Kenya Says Karibu (Welcome) to Uber
Without pomp or circumstance, the ride-sharing service Uber launched here in Nairobi, Kenya, on Wednesday afternoon.
The company had been looking at this market for more than a year before setting up shop, local tech investors said. Uber declined to comment on the length of its planning process, saying only that it deployed its regional manager here in late 2014.
The manager, Alastair Curtis, set up Uber’s Lagos, Nigeria, operation before launching the service in Nairobi. He said Uber’s first 24 hours in Nairobi had gone well, and that Kenyan drivers seemed to be more “in tune with customer service than in Nigeria.” Rates for Nairobi are set out on an Uber blog.
Curtis wouldn’t give a specific count of the drivers Uber has deployed in Nairobi, but he said the number would grow as demand picks up. The company’s Twitter TWTR +3.28% account here, @uber_kenya, had 841 followers at the time this was written, some 30 hours after launch.
Your correspondent called her first Uber in Nairobi on Thursday, to go to a lunch about 10 minutes’ drive from home.
quick review:
The app said the driver would be seven minutes. He arrived 25 minutes later. Based on observation of the map while waiting for him, he was stuck in traffic for about 15 minutes and spent 10 minutes more driving around the pickup address without finding it. Much of this post was written waiting for him.
The driver didn’t know where the destination—a popular hotel—was. Even after your correspondent put the address in the destination field on the app, he still needed directions.
He also didn’t seem very familiar with using the app from the driver end: Your correspondent had to remind him to tap to start the ride after pickup and to tap again to end the ride so it could be paid.
That being said, he was very polite and the car was in top shape, air-conditioned and clean. The cost of the ride was 250 Kenyan shillings ($2.70), paid over the registered credit card. There’s a 20% discount on rides for the first two weeks after the launch. There were no other payment options, such as M-Pesa, the popular mobile money-transfer service.
Your correspondent rated the driver and gave quick feedback in the comments box. A few hours later, an Uber employee in New York followed up on the comments over email and requested additional information, promising to relay the feedback to the driver.
To go back home, your correspondent got a taxi from the hotel rank, where the vehicles tend to be better but more expensive than the average taxi on the road. The car was clean and in good shape. The driver knew exactly how to get to the destination. He accepted M-Pesa payment and provided a receipt. The downside of the short, sweet ride was a Backstreet Boys song blasting from the stereo. The trip cost 600 shillings, more than twice what the Uber ran.

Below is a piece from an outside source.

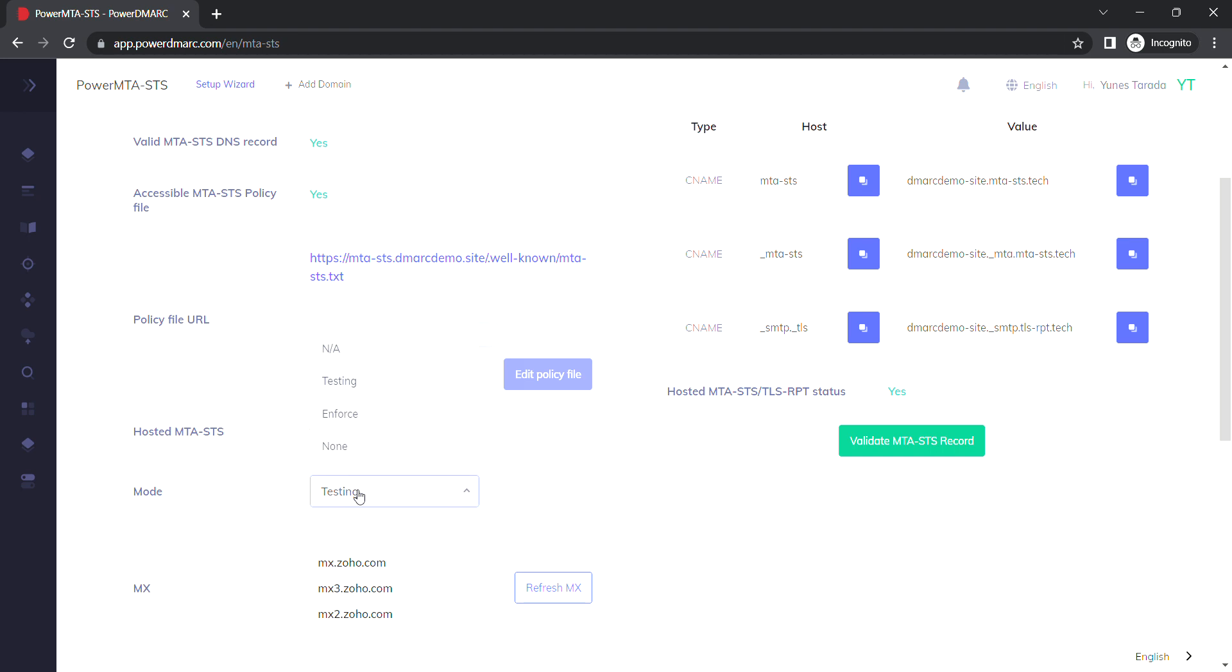The difference between testing mode and enforced mode is that in testing mode, you're telling your incoming mail servers that you're still willing to accept any email that has not been encrypted. But once you switch over to enforced mode, you're telling your incoming mail servers that you're only willing to accept encrypted emails from now on.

Nairobi’s market for transportation screams for an Uber-like service; indeed, in the year that it took the real thing to launch here, a number of clones surfaced.
Kenya’s buzzing capital, population roughly 3.3 million, is growing rapidly and haphazardly. It is constantly brought to a standstill because of its notorious traffic. Your correspondent almost missed a flight recently, despite having left four hours ahead of departure to travel the 10-kilometer (6.2-mile) distance between home and the Jomo Kenyatta International Airport.

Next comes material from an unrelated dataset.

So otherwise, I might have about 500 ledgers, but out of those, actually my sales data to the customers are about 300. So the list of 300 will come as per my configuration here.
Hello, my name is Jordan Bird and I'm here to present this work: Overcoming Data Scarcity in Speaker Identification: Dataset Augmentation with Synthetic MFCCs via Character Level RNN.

Traffic aside, driving here can be traumatic. Traffic lights are little respected, big avenues are poorly lit, drunk driving is common and massive trucks are frequently seen speeding precariously along key urban arteries. Just last week, again driving to the airport, your correspondent got stuck on the main road for about half an hour. The “obstacle” that had created the bottleneck on one of Kenya’s most important roads: the body of a man, who had been killed by a driver while crossing the poorly lighted avenue on foot. He wasn’t removed for at least one hour.
All this makes driving here an often unpleasant, or worse, experience. And, while taxis abound, their drivers’ skill, familiarity with the map and safety credentials are far from guaranteed. The ubiquitous matatus, vans that transfer about a dozen or more passengers for a very small fee, are driven by daredevils who will do anything to get to their destination a few seconds faster.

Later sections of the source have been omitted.